About this exercise. Find the line with "Elegant midi dress with multicolor print" in the records below. Copy it and every line after it, up to and including the line with "Installateur en train".

Provided entries.

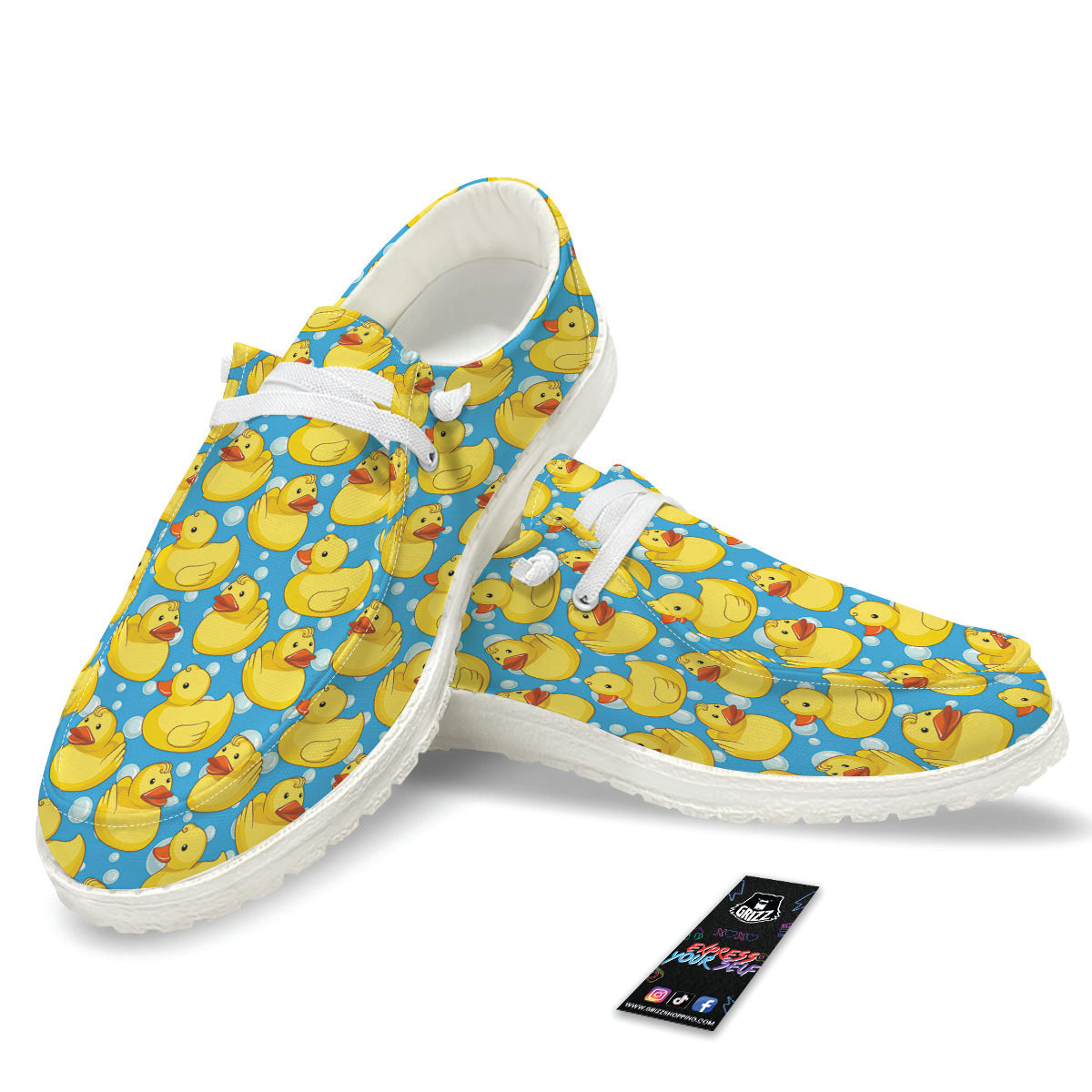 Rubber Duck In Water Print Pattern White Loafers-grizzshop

==

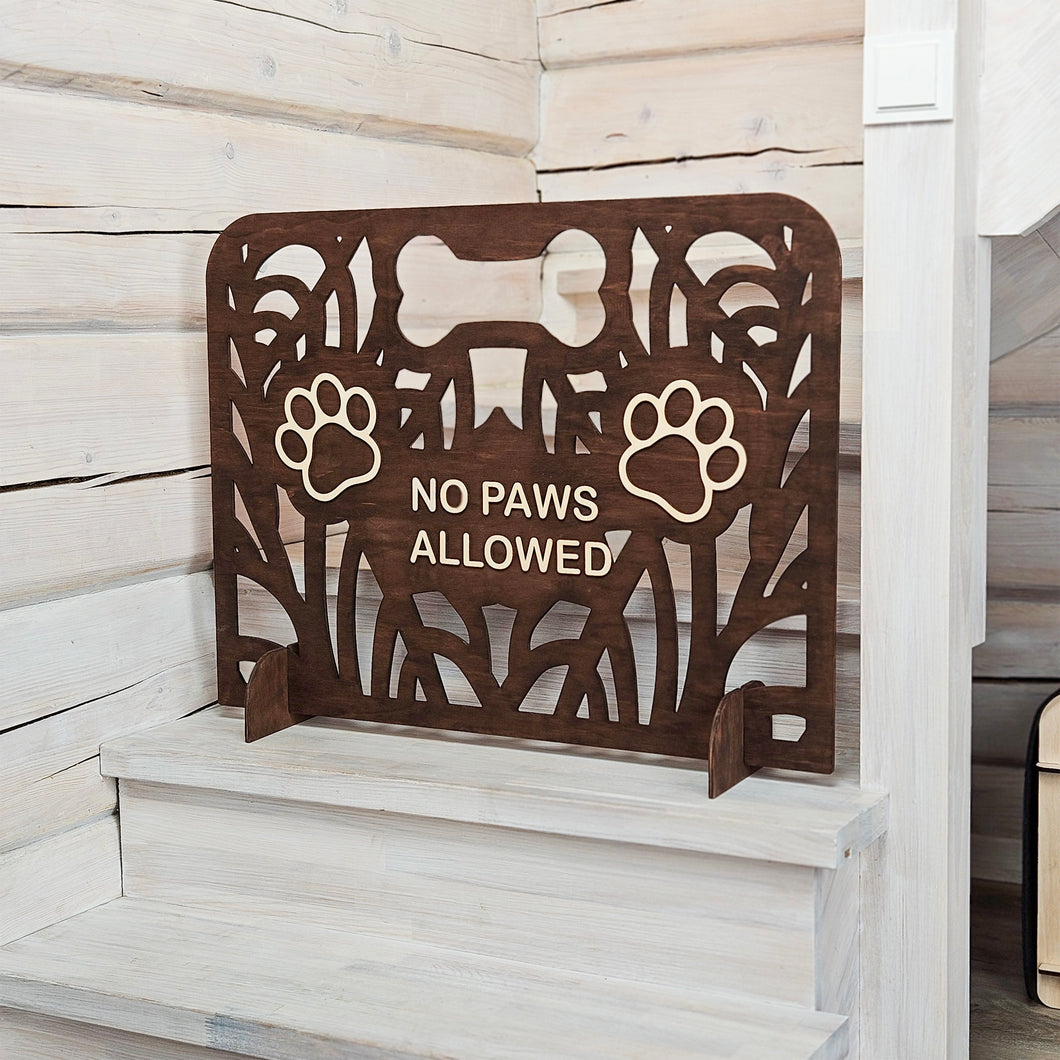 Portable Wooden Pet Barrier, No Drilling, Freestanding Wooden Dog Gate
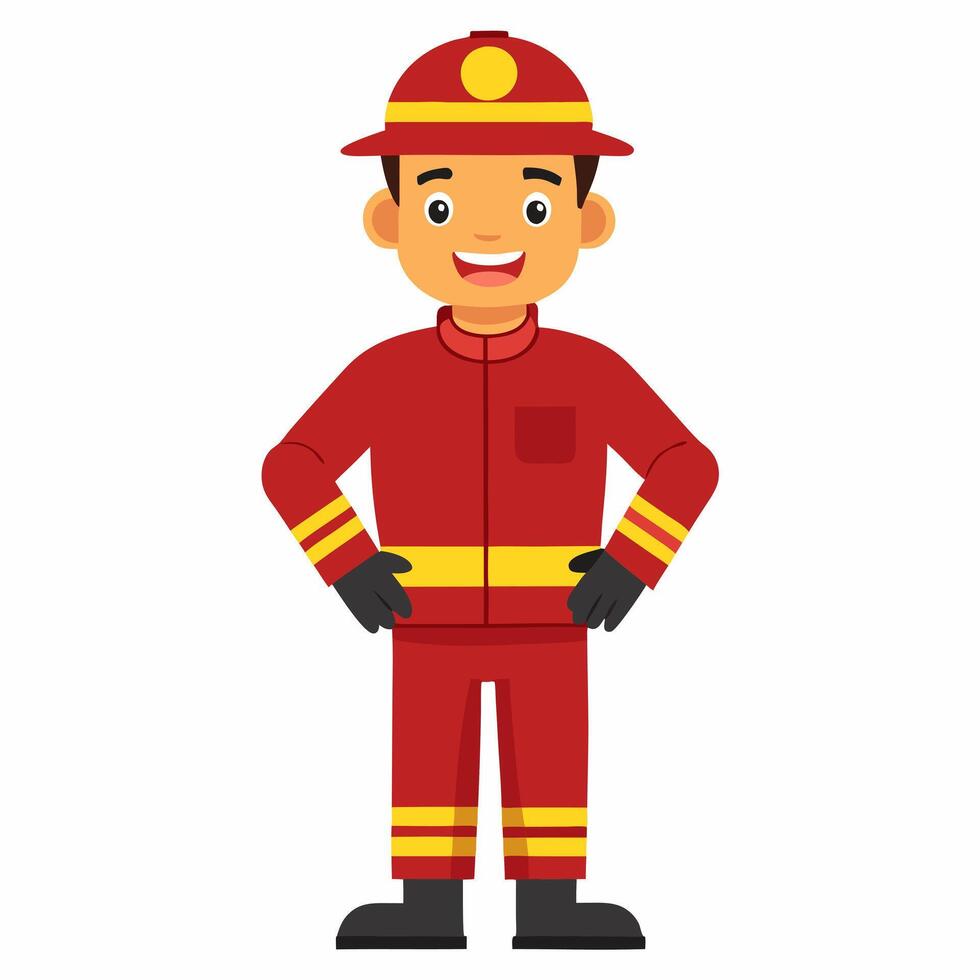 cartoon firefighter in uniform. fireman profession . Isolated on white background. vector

...

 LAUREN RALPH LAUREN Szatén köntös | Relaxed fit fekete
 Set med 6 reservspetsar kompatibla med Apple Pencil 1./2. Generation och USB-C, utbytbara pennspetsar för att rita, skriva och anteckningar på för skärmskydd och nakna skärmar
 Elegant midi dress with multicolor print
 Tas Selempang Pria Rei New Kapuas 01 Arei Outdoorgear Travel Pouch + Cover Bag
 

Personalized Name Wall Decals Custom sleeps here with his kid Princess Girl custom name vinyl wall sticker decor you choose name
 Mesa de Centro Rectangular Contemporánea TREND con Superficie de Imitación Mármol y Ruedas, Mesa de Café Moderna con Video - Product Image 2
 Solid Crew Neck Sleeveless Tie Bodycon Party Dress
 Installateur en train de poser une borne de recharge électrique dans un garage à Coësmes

Exercise result.
 Elegant midi dress with multicolor print
 Tas Selempang Pria Rei New Kapuas 01 Arei Outdoorgear Travel Pouch + Cover Bag
 

Personalized Name Wall Decals Custom sleeps here with his kid Princess Girl custom name vinyl wall sticker decor you choose name
 Mesa de Centro Rectangular Contemporánea TREND con Superficie de Imitación Mármol y Ruedas, Mesa de Café Moderna con Video - Product Image 2
 Solid Crew Neck Sleeveless Tie Bodycon Party Dress
 Installateur en train de poser une borne de recharge électrique dans un garage à Coësmes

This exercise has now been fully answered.